I can't help but think about that other chestnut, "A determined programmer can
write Fortran in any language."

Of course it makes sense to apply a pattern that you know worked great in the
past. The tough part is deciding when it's worth trying something else.

------
joeblau
I can't wait to see more details about this. I hope this isn't another botched
attempt at trying to solve the cross compiled native app challenge. I've seen
and signed up for so many hype machines for solving this problem including
plain old responsive web apps, Adobe AIR, Phone Gap, Corona, and Famo.us. I've
invested time in learning about all of these platforms, but in the end they
all fell short in some way or another. I have high hopes for $FB though
because I've really enjoyed most of the projects they've open sourced
including React and Pop.

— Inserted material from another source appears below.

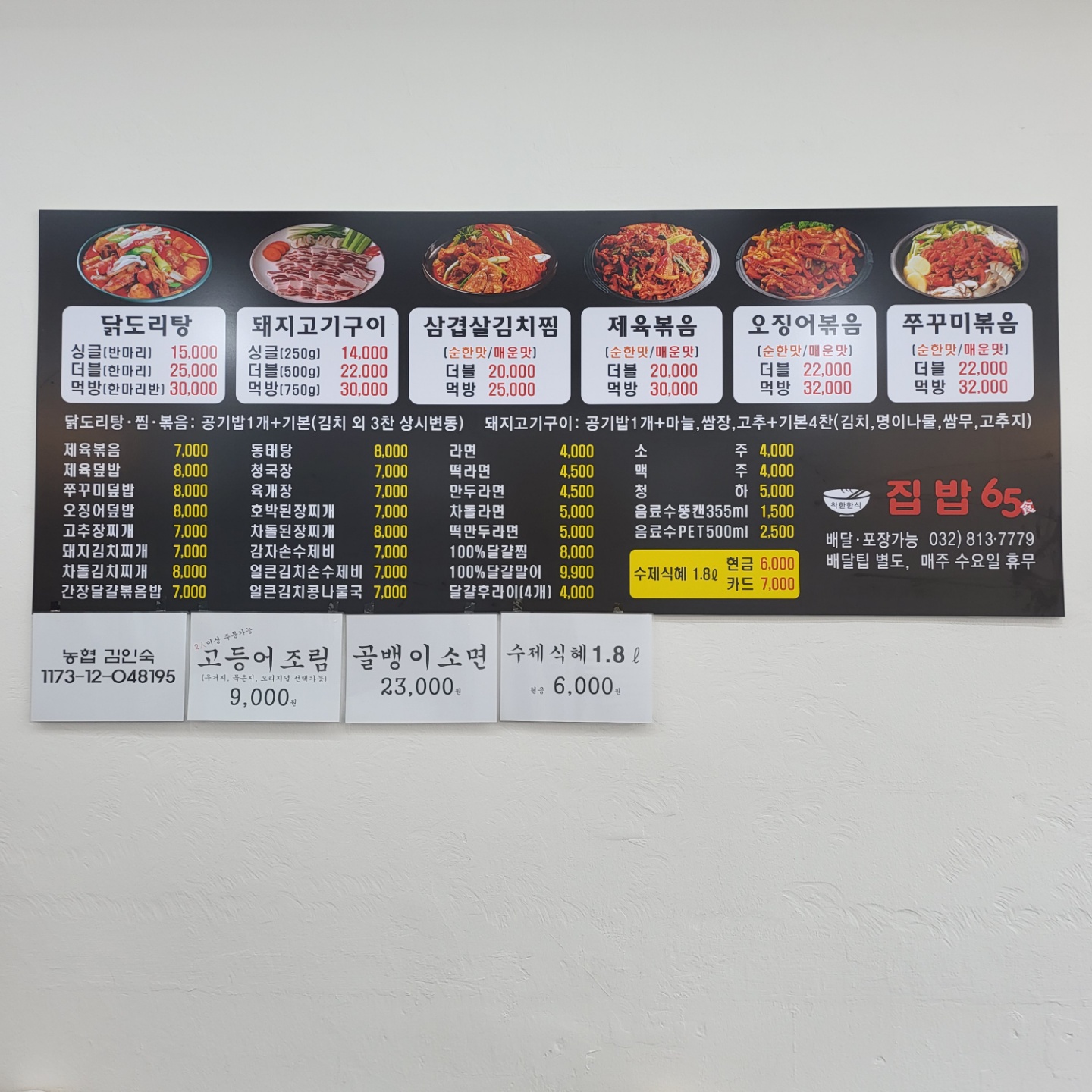 집밥65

Personally, it's been easier for me to just learn and
use Swift/Obj-C. The main caveat is that my apps are limited to running on
iOS.

------
amelius
Hi, I'm just reading through the ReactJS docs for the first time, and I found
something peculiar. Let me explain.

So, as I understand ReactJS invokes a render() method defined by the user
(programmer), and the result of that is diff'ed to previous results of the
same method, and as a result, the DOM is modified.

I can understand this, but... The DOM is _already_ incrementally rendered by
the browser. That is, changes to the DOM are not direct, but are performed by
the browser in a way that is as efficient as possible. So, why the need for a
render() method?

Also, the render() method itself could be quite big and thus could take a long
time to run, and almost completely nullify all advantages of incrementally
updating _only_ the display.

So, as you can see, I'm a bit confused...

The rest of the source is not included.